Cosa succede se il coniuge obbligato non paga l’assegno periodico

La legge prevede un rimedio nei confronti del coniuge che ritardi e/o non paghi l’assegno di divorzio periodico.

L’art. 8 della legge n. 898/1970 dispone che:

  • se v’è il fondato rischio che il coniuge si sottragga dall’obbligo di corrispondere l’assegno divorzile periodico, il Giudice può imporre all’obbligato di prestare un’idonea garanzia reale o personale;
  • in caso di ritardo che si protragga oltre 30 giorni, previa messa in mora, si può notificare il titolo da cui discende l’obbligo di erogazione dell’assegno a terze parti a loro volte obbligate nei confronti dell’ex coniuge obbligato a corresponsioni periodiche di somme di denaro (ad esempio: datore di lavoro, INPS, conduttori di immobili di proprietà del coniuge inadempiente.

L’interpretazione maggioritaria, invece, esclude l’applicabilità dell’art. 570 del codice penale per quanto riguarda l’assegno divorzile. Difatti, con la cessazione degli effetti del matrimonio terminano gli obblighi di assistenza familiare.

L’assegno divorzile è modificabile nel tempo?

Al mutare delle condizioni economiche delle parti, l’assegno divorzile periodico può essere sempre modificato.

L’art. 9 della legge n. 898/1970 prevede che, su istanza di parte, l’assegno divorzile possa essere modificato ogni qual volta le condizioni economiche di un coniuge siano migliorate o peggiorate rispetto all’ultimo provvedimento che dispone al riguardo.  

In caso di peggioramento questo non deve dipendere da colpa del coniuge. Pertanto, il coniuge che si licenzia per sottrarsi all’obbligo di corrispondere l’assegno divorzile non potrà chiedere alcuna modifica.

Diversamente, se un coniuge rimane vittima di un grave sinistro stradale e non riesce più ad andare a lavorare a causa delle lesioni riportate avrà diritto alla riduzione dell’assegno.

Revisione e determinazione dell’assegno divorzile mediante accesso ai dati reddituali e patrimoniali del coniuge

Nel caso in cui sorgessero dubbi circa l’effettiva entità del patrimonio o la situazione reddituale dell’altro coniuge, il soggetto interessato ha facoltà di chiedere copia dei documenti reddituali, fiscali e patrimoniali inseriti nelle banche dati dell’Anagrafe tributaria.

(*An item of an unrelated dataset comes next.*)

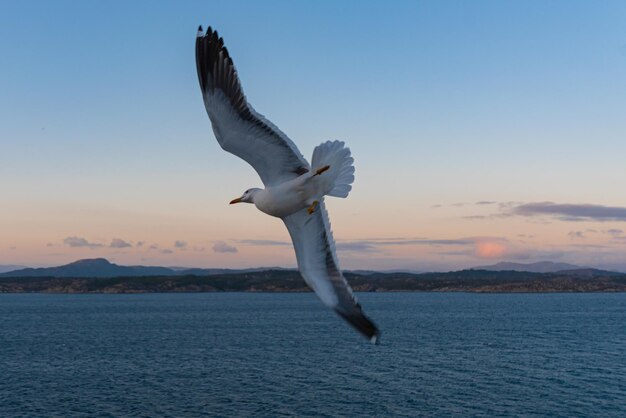 Una bella foto delle onde del mare Un uccello che vola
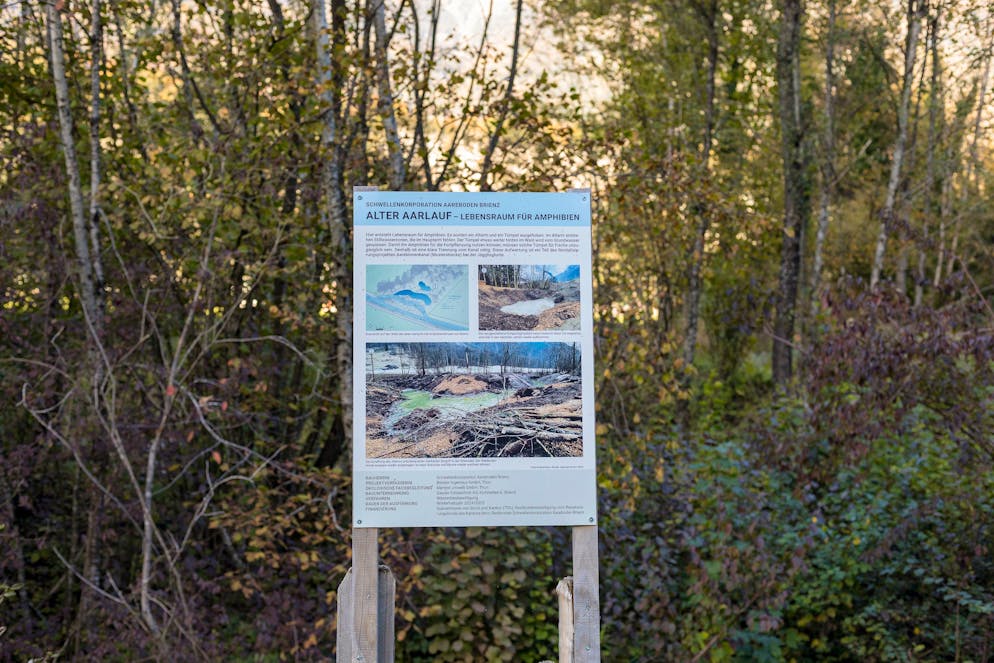 Diesel-Unfall in Meiringen BE. Auch ein geschütztes Gebiet für Amphibien gibt es dort.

Siamo in presenza di una svolta epocale che permette di dare una tutela concreta a tutte quelle posizioni soggettive, che potenzialmente potrebbero essere lese sopperendo anche all’inerzia ed alle lungaggini processuali, mediante l’utilizzo della l. n. 241/1990 (sulla trasparenza amministrativa).

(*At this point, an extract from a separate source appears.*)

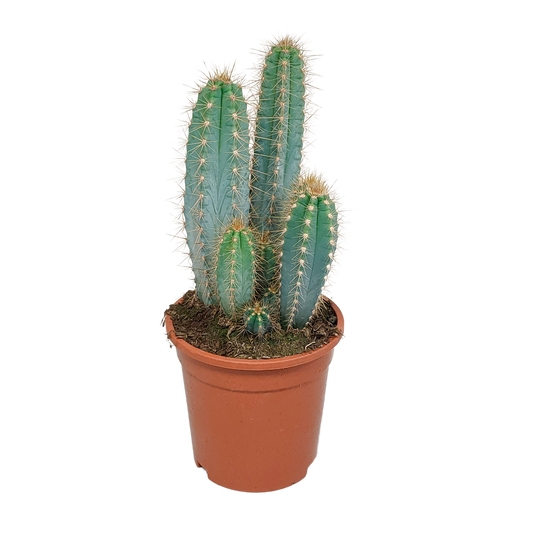 Blauer Säulenkaktus – 17 cm Pilosocereus azureus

In pratica secondo quanto statuito dell’Adunanza Plenaria del Consiglio di Stato (cfr.  sentenza n. 19 del 25 settembre 2020) il privato può acquisire i dati patrimoniali dell’altro coniuge allo scopo di tutelare i diritti fondamentali dei familiari e dei figli minori.

L’aiuto del difensore nella compilazione dei moduli sarà fondamentale specie nel pieno rispetto dei termini processuali anche al fine di evitare decadenze e prescrizioni di sorta.

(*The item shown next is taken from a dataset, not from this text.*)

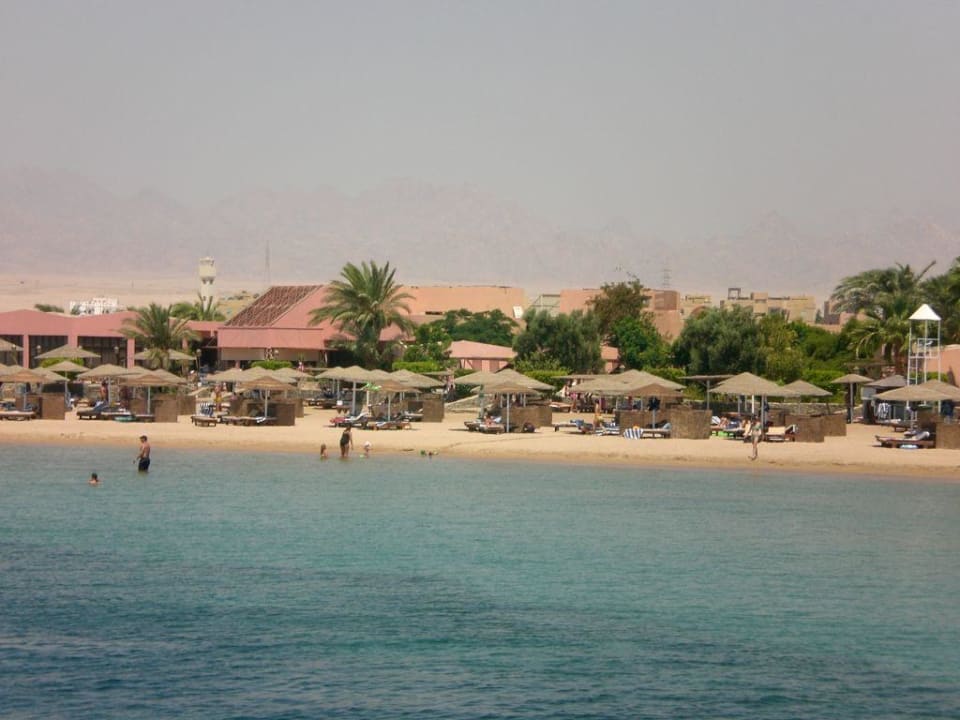 Strand Vormittags Eagles Paradise Abu Soma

 Il riconoscimento di tale diritto è altresì importante in un’ottica processuale.

Difatti, il Giudice della separazione o del divorzio ha facoltà di richiedere l’accesso ai dati della Pubblica amministrazione ex art. 210 c.p.c. laddove ritenga che uno o entrambi i coniugi stiano occultando parte dei loro redditi.

Nella pratica, però, succede che tale facoltà o non venga esercitata o venga esercitata in ritardo con la conseguenza – certamente non voluta – di mettere in seria difficoltà economica uno dei coniugi.

Differenze tra assegno di mantenimento ed assegno di divorzio

I presupposti e le finalità che regolano l’assegno di divorzio e l’assegno di mantenimento sono diversi.

L’assegno di mantenimento è riconosciuto ai sensi dell’art. 156 c.c. all’interno del procedimento di separazione.

Di norma viene assegnato al coniuge più debole in misura tale da consentirgli di conservare lo stesso tenore di vita che aveva in costanza di matrimonio. Così facendo si terranno in vita anche durante il periodo di separazione gli obblighi patrimoniali ed assistenziali legati allo status di coniuge.

In sede di divorzio, invece, il tenore di vita condotto in costanza di matrimonio non è più elemento su cui si basa la decisione di riconoscere l’assegno divorzile (cfr Cass. civ., Sez. VI – 1, Ordinanza, 27/10/2020, n. 23482).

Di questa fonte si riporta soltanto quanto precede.